[Opening Material for this exercise section]

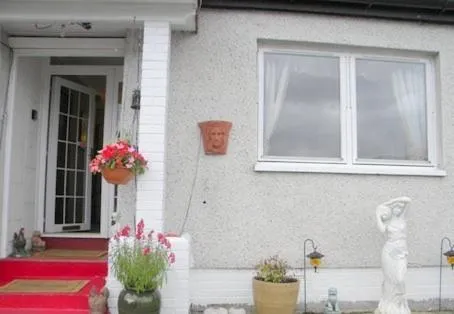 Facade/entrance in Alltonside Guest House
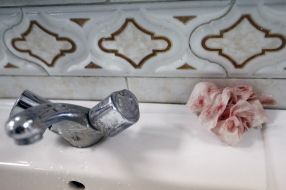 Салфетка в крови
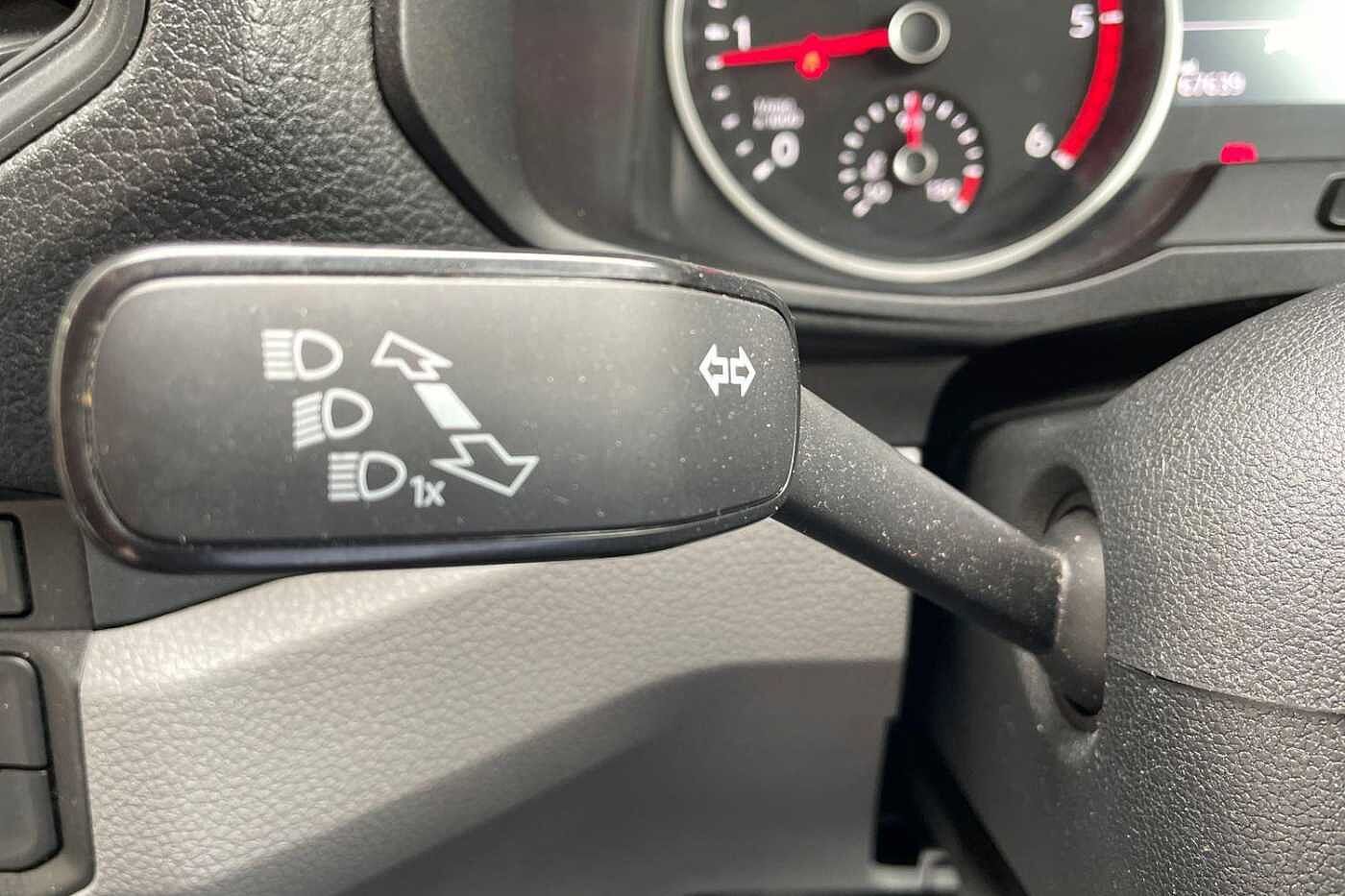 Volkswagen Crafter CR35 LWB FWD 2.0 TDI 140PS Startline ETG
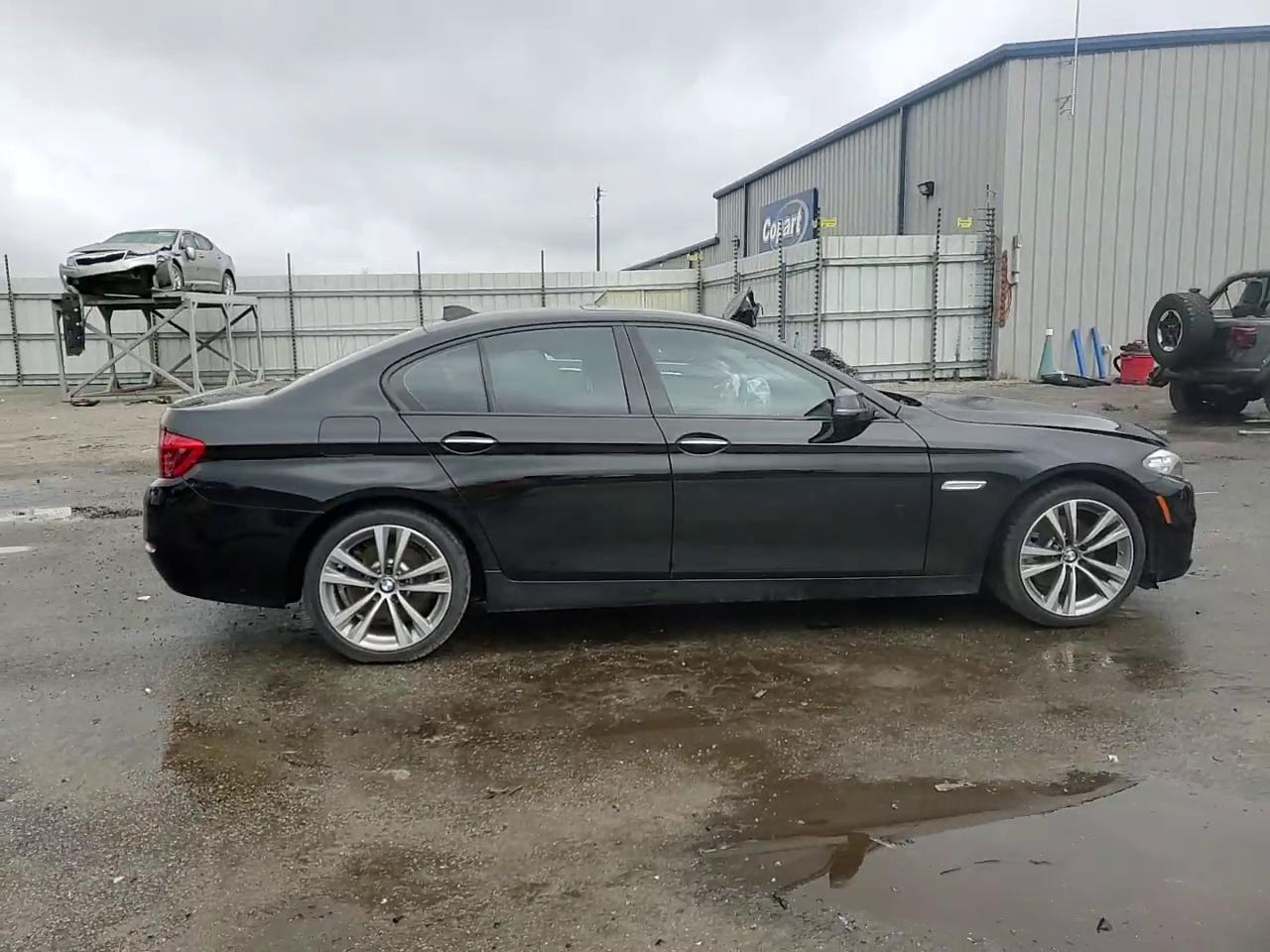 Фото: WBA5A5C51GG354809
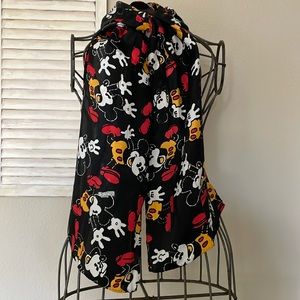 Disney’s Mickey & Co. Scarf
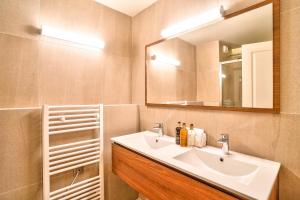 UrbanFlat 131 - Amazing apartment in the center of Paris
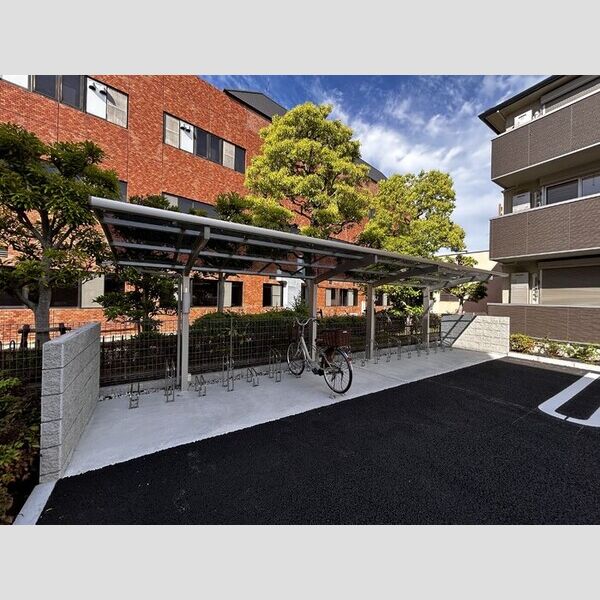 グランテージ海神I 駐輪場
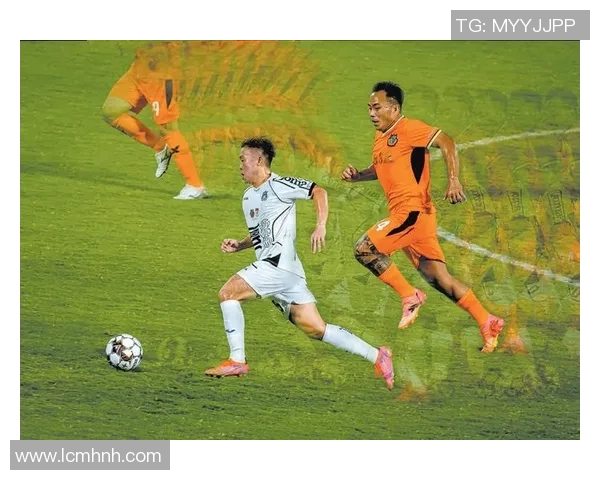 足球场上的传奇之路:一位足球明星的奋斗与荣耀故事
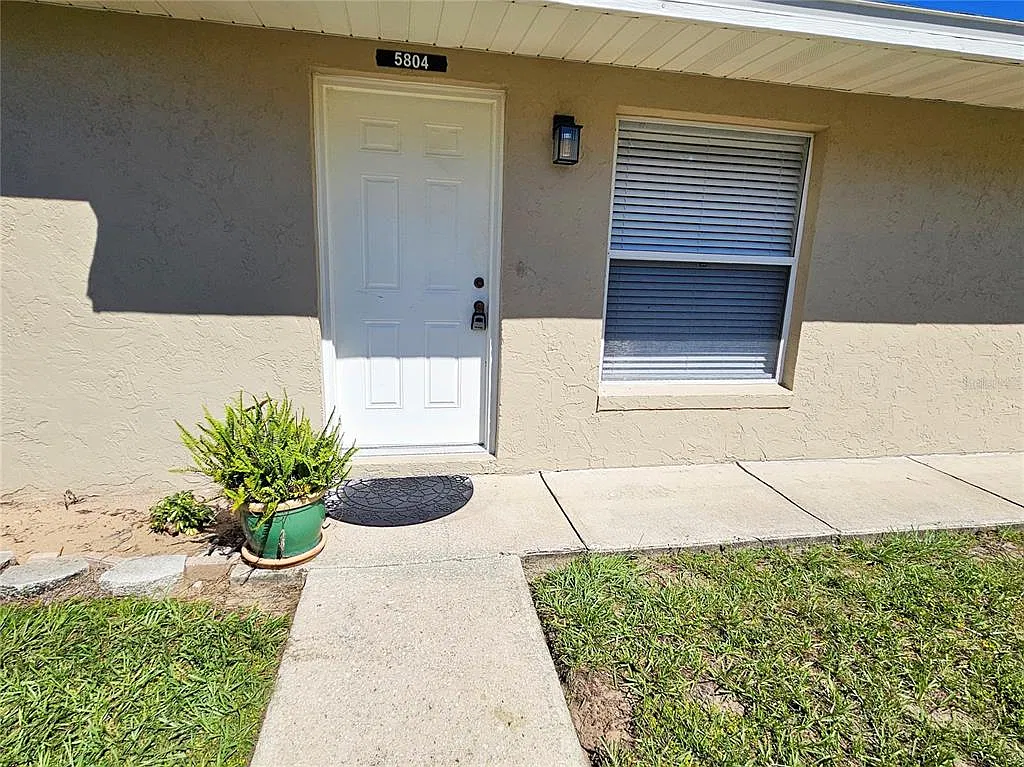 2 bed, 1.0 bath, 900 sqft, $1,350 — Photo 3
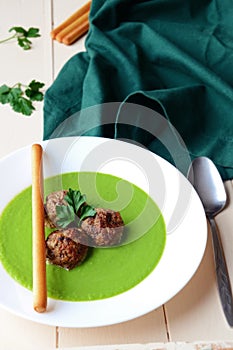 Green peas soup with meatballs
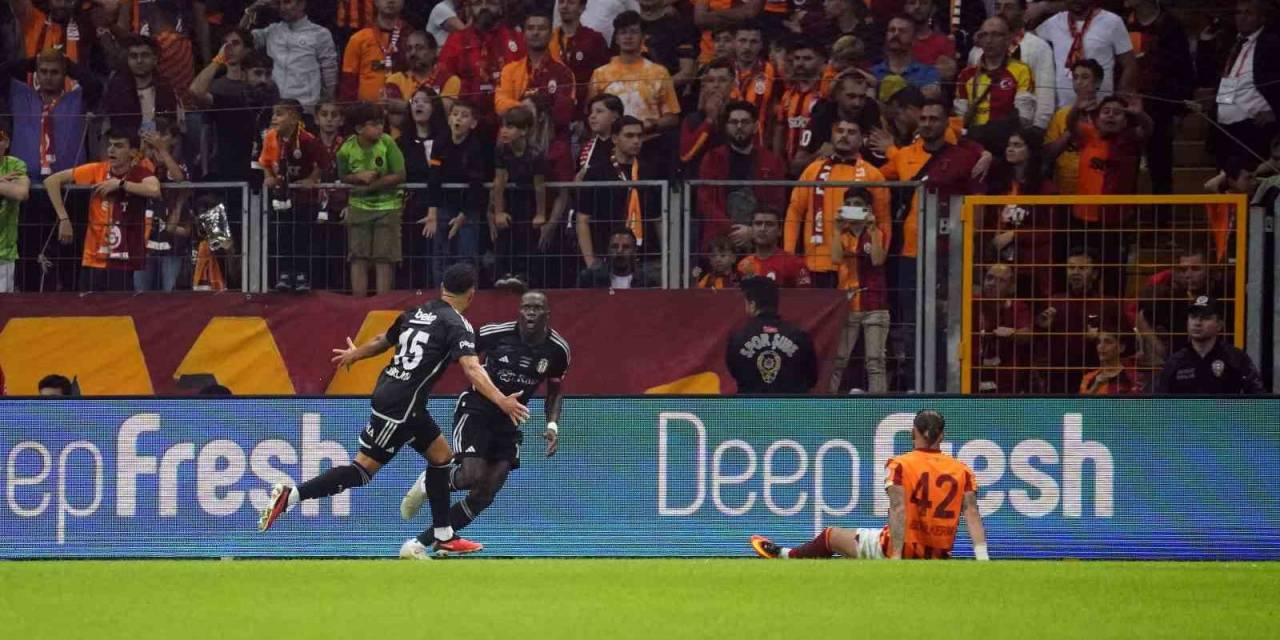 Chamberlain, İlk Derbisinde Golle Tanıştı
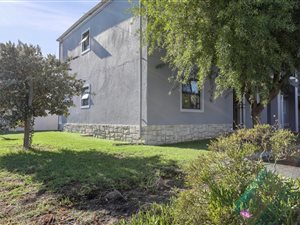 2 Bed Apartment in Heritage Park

[Closing Material for this exercise section]

> What to work on: The final stretch of the data, from the line with "グランテージ海神I 駐輪場" through its last line, is to be retyped exactly; pictures are not part of the copy.

> Answer area:
 グランテージ海神I 駐輪場
 足球场上的传奇之路:一位足球明星的奋斗与荣耀故事
 2 bed, 1.0 bath, 900 sqft, $1,350 — Photo 3
 Green peas soup with meatballs
 Chamberlain, İlk Derbisinde Golle Tanıştı
 2 Bed Apartment in Heritage Park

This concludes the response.